Alle SpielerInnen des Ensembles bestechen durch ihre Improvisations- und unbändige Spielfreude und spiegeln damit die Möglichkeiten der Nordstadt 1:1 wieder. Die Bühne und Kostüme wurden von der Ausstatterin Natalja Hipke fantasiereich entworfen und mit einem Mini-Budget umgesetzt. Die Jugendlichen finden mit ihrem Stücktext eine eigene Sprache, die zwischen umgangssprachlicher Schnodderigkeit und wunderbarer Poesie der Seelencoolibrils changiert.
So kreative und engagierte junge Menschen brauchen wir in der Nordstadt und sollten sie unterstützen. Nicht zuletzt, wenn wir ernsthafte Zukunftsvisionen für diesen Stadtteil entwickeln wollen. Denn die Jugendlichen stellen mit Paradise-City genau diese Frage, ob es möglich wäre, gemeinsam eine bessere Welt zu erträumen und diese Welt dann real bauen könnte. Das ist eine essentielle Frage für die Dortmunder Nordstadt. Deswegen wäre es sehr wünschenswert, dass sich möglichst viele Dortmunder, Ratsmitglieder eingeschlossen, diesen kreativen und politischen Denkanstoß einmal ansehen könnten. Um inspiriert darüber nachzudenken, was es heißt, junge Utopien und Visionen zu entwickeln und zu bauen.

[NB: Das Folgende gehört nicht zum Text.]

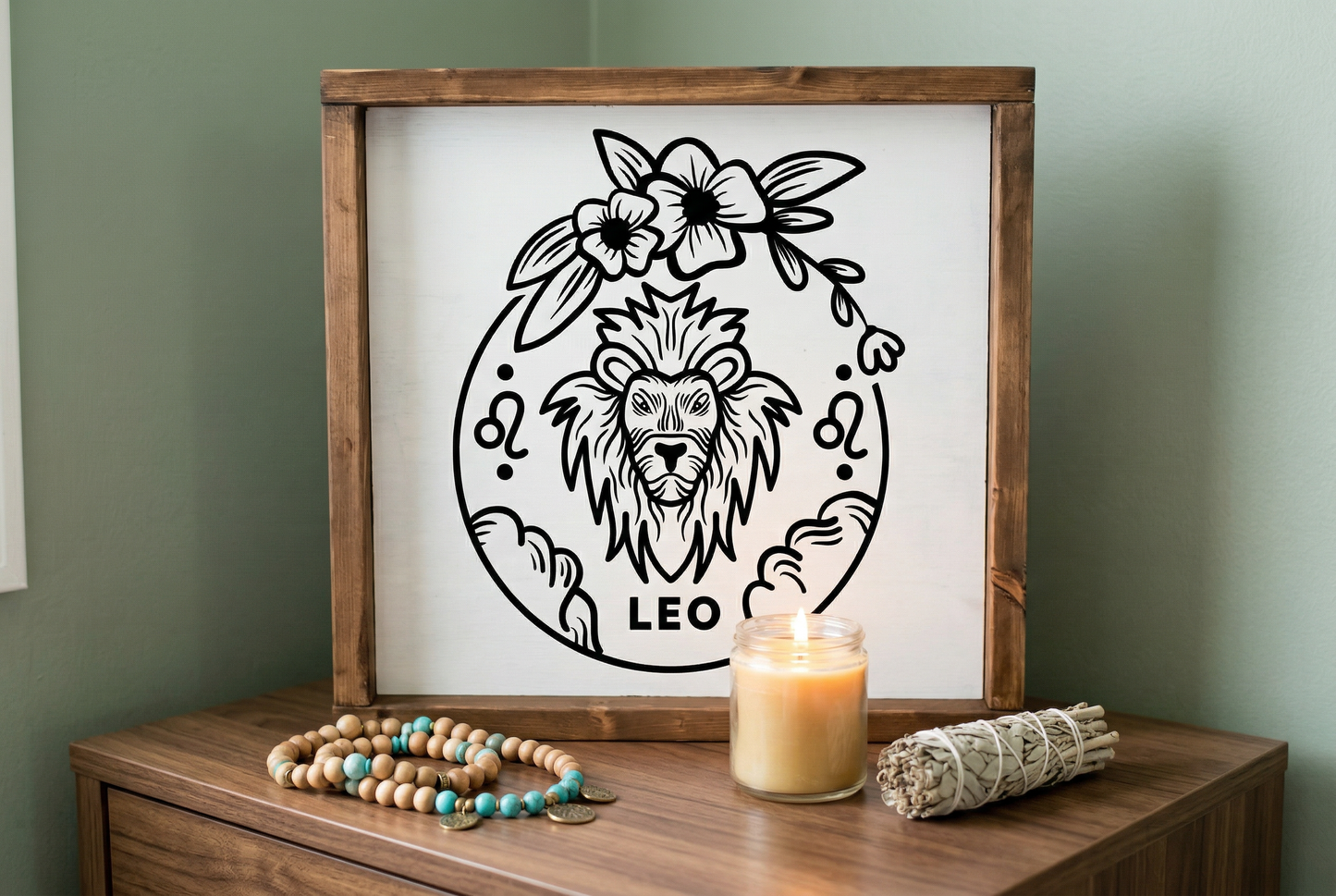 Leo Zodiac Wood Sign, 8x8 Hand Painted Lion Wall Art, Fire Sign Astrology Decor, August Birthday Gift, Minimalist Celestial Star Sign Plaque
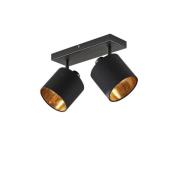 Lindby - Vasilia 2 Plafondlamp Black/Gold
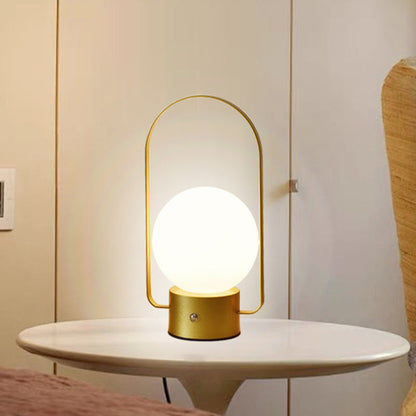 Gold Portable Rechargeable LED Lantern Lamp - Touch Control 3-Color Dimmable Desk Light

Doch leider fällt genau hier der Wermutstropfen; das Projekt Paradise-City ist mit der Premiere beendet worden. Mittel für Wiederaufnahmeproben und weitere Aufführungen stehen leider nicht in Aussicht. Auch das ist ein Stück Nordstadt-Realität, für die man sich eine bessere strukturelle Projektförderung wünscht. Damit solche Kleinode nicht wie schillernde Glühwürmchen im Dunkel der Nordstadt verglimmen.
‚ das Projekt Paradise-City ist mit der Premiere beendet worden.‘
Das ist das Typische an derartige Projekte. In dem moment wo es institutionalisiert wird, oder noch schlimmer ‚pädagogisiert‘, ist der Glanz vorüber.
Es sollte aber grundsätzlich überdacht werden, ob die Mittel für Kunst und Kultur anders eingesetzt werden sollten. Dafür bräuchte es aber Visionäre, die nicht voller Begeisterung für städtische Angebote schwärmen.